See, what was SUPPOSED to happen at the age of thirty-four was this: Two B.A.'s in music and music education under my hat, in addition to a master's degree from a conservatory as yet unnamed. I would have left my educational pursuits after my master's degree and failed on the professional circuit for a couple of years, but nonetheless gleaning valuable life-long experience and wisdom from the myriad of big cities, snooty orhcestras, and gruelling auditions I will have willingly walked myself into. THEN, I was going to take on teaching at a private studio or university. Believe it or not, I even had envisioned going from a university teaching position to directing a high school vocal program. Somewhere in my late twenties, I would meet Mr. Right and consdier getting married after the age of thirty. Somewhere around the age of thrity-five, we might possibly consider having a child. Maybe two. Depends. Before Kagen was born, I had no idea how I'd do around small children. Older kids, no problem. But younger ones??? Well...
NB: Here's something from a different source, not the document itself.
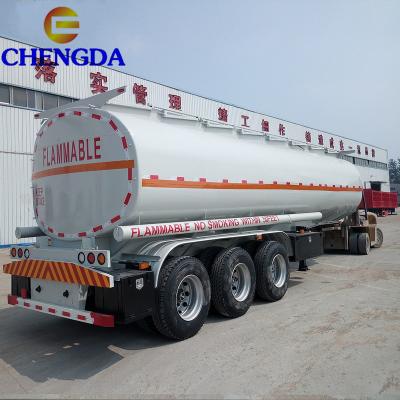 China Truck trailer 36000 liters fuel tanker semi trailer steel tanker for sale for sale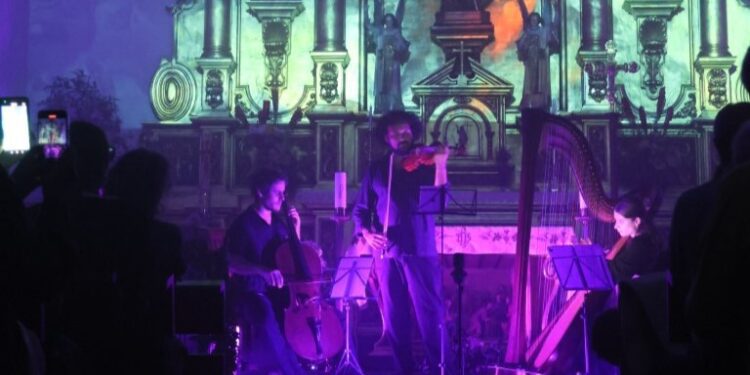 Imagen del primer concierto en la iglesia de Sant Rafel, facilitada por el Ayuntamiento de Sant Antoni.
Oh, how vastly different life has turned out! As in, laughably so! Again, with what I hope is a genuine acceptance and contentment of God's will in my life, and not a painful facade veiling a deep-seated quiet desperation, I do not long for what I once thought would be. Really. I have been placed where I am unmistakenly by the Author of Life, and so much of my life as it is NOW is so blessed with God's love and grace, how can I long for anything else? Different, but not inferior in anyway.
I spent my thirty-fourth birthday last Saturday, not thinking about maybe having a child and hashing out the pros, cons, whys and wherefores with my husband of a couple of years, but I DID spend it with my husband of 12.5 years, and our four children at a park, having a picnic, where we got messy, dirty, wind-swept and worn out with the fun.
God can be SO obvious sometimes, can't He?